Partially for confidential reasons, there are no public data or statistics showing PMU data loss and/or latency events in details. This paper takes advantage of the GPS-synchronized wide-area FNET/GridEye and records the FDR data loss and latency events over four weeks as shown in Fig. 9.

Fig. 9
figure 9

Data loss and latency events in FNET/GridEye

It is observed from Fig. 9a and b that the data loss events randomly occur and are often accompanied by high communication delays. Also, the data loss events display diverse scenarios but 95% of them only involve one to three continuous package losses. This implies that the large amounts of package losses are small probability events. In addition, it is found from Fig. 9a and c that the communication delay may vary dramatically in short terms (e.g., one minute) and its probability distribution changes with time periods (i.e. hourly, daily, and weekly). The real-time communication delay presents strong dynamic characteristics.

5 Conclusions

Currently, the data quality issues (i.e. data accuracy, availability, and latency) have not been clearly specified in the existing standards, and the robustness of various synchrophasor applications to data quality issues has not been thoroughly identified. This work investigates the data quality issue for synchrophasor applications. Part I presents a review and statistics, and attempts to provide an overall picture of the data quality issue.

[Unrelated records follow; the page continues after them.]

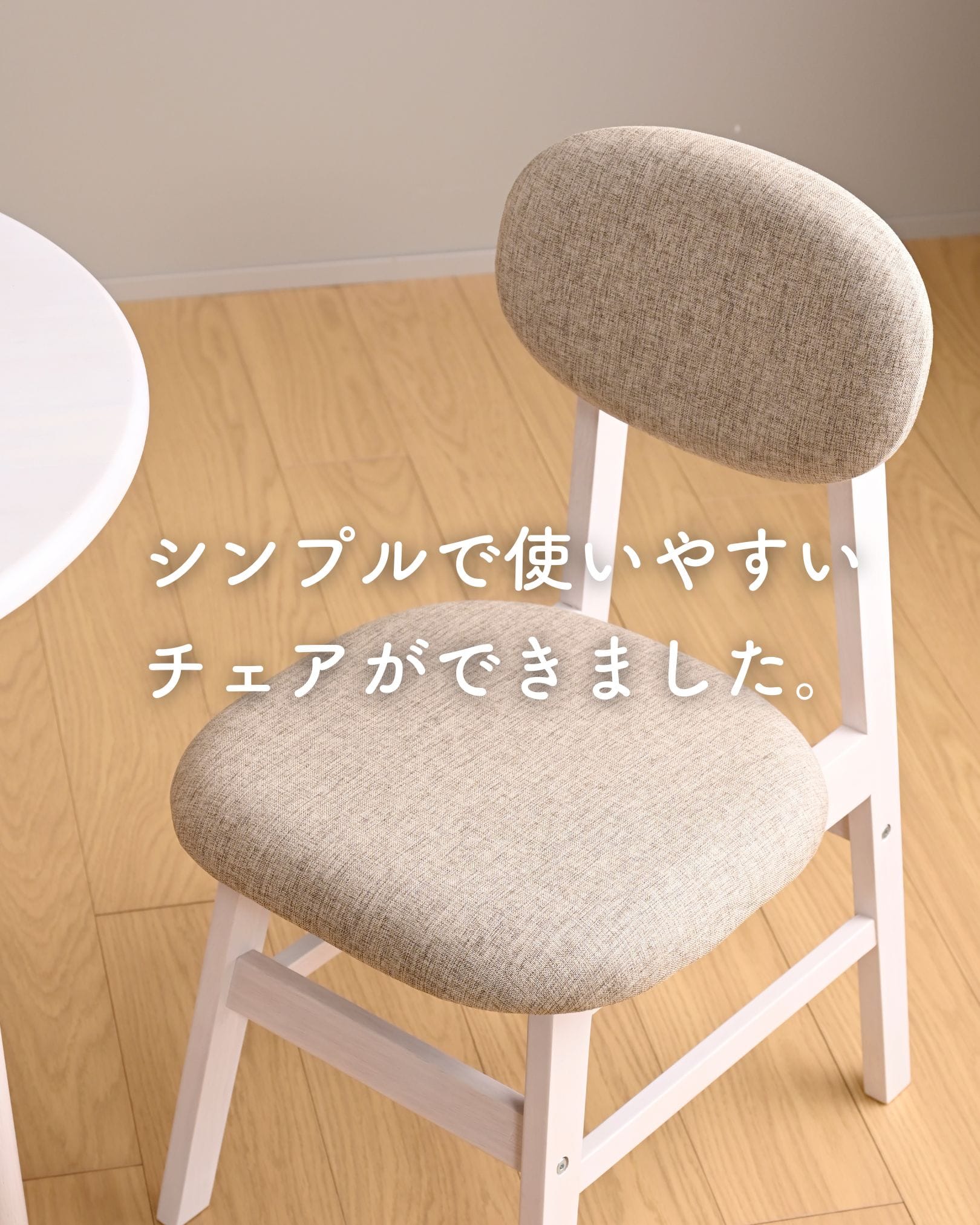 ダイニングチェア 単品/2脚セット 座面高さ43.5cm クッション付き 幅42 奥行52.5 高さ79cm 山善 YAMAZEN
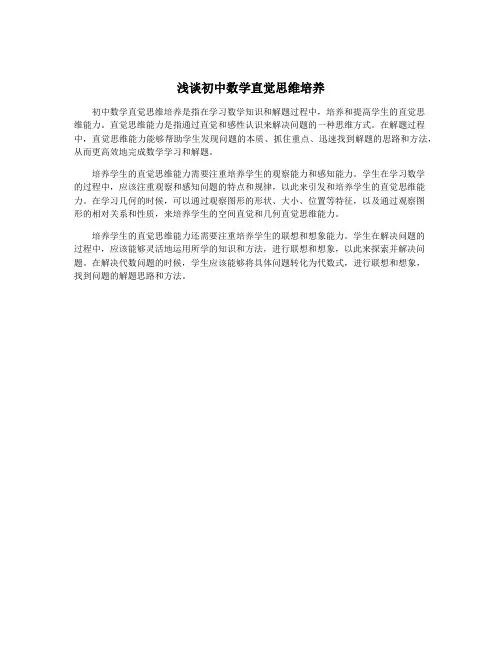 浅谈初中数学直觉思维培养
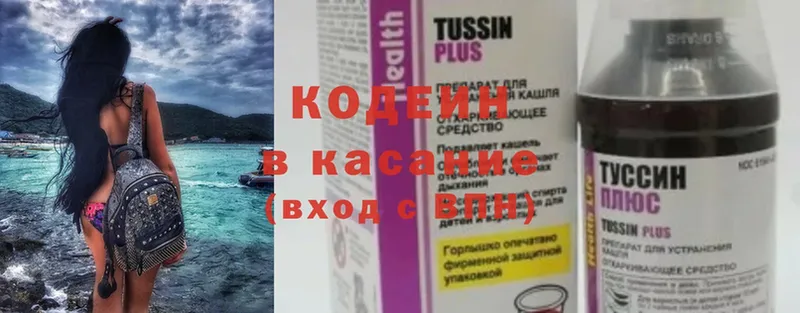 где найти наркотики  Ярославль  Кодеин напиток Lean (лин) 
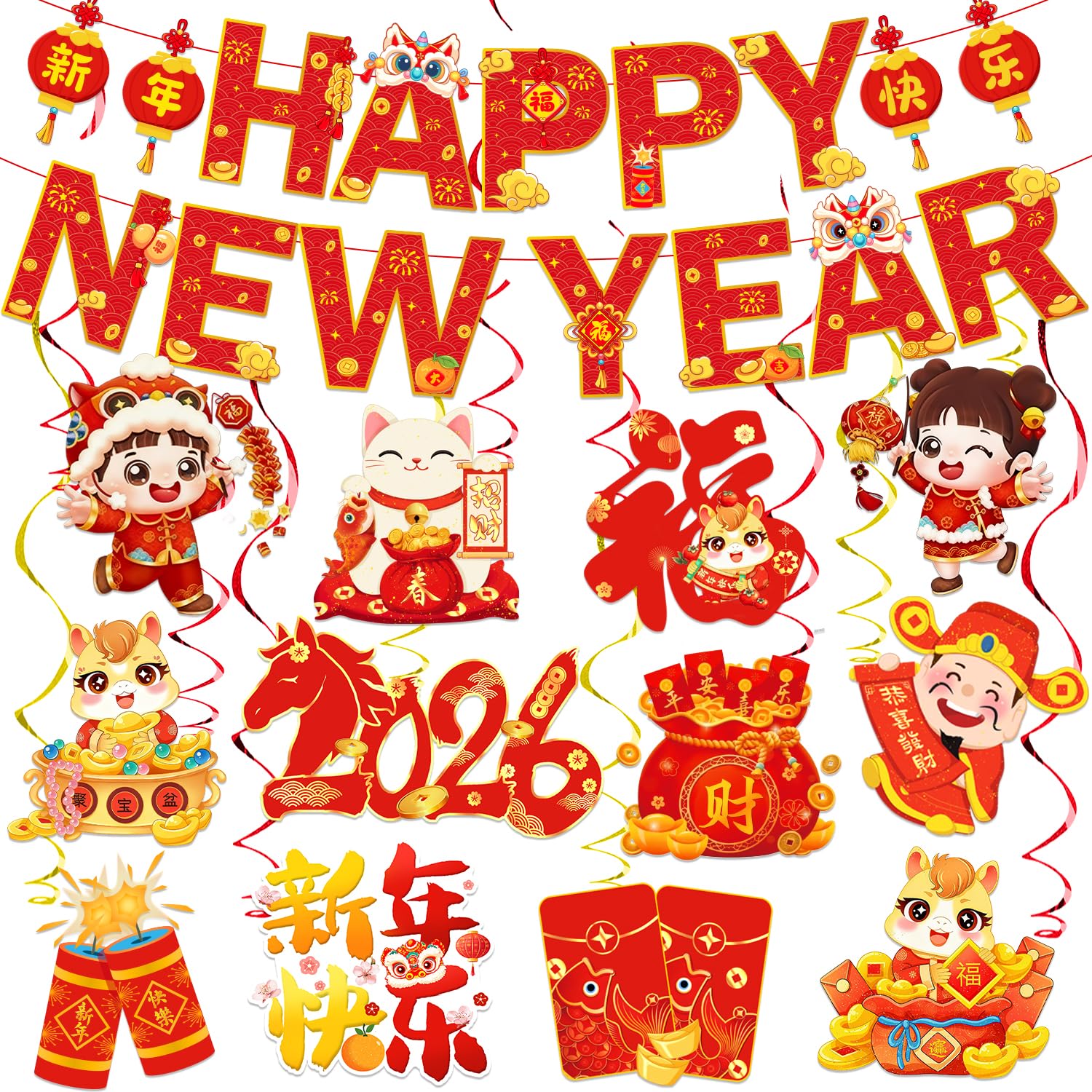 Chinese New Year Decorations 2026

Specifically, this paper reviews synchrophasor applications’ classifications and data requirements, and points out that it is necessary to formalize a set of consistent and quantifiable data quality requirements for synchrophasor applications. These requirements and technical rules can help existing and new users understand various applications’ capability and suitability in their particular scenarios, and further promote the development of synchrophasor systems and enhance the performance of power grids.

Further, this paper takes advantages of OpenPDC and FNET/GridEye, and shows real-world data quality issues including synchronization signal accuracy, synchrophasor data loss, and latency. The related statistical results and analysis suggest although the data quality issues are random and variable, the majority of GPS loss events recover within a short period of time and about 95% of data loss events involve only one to three continuous package losses. These points will be further discussed, and the potential reasons and solutions will be presented in part II.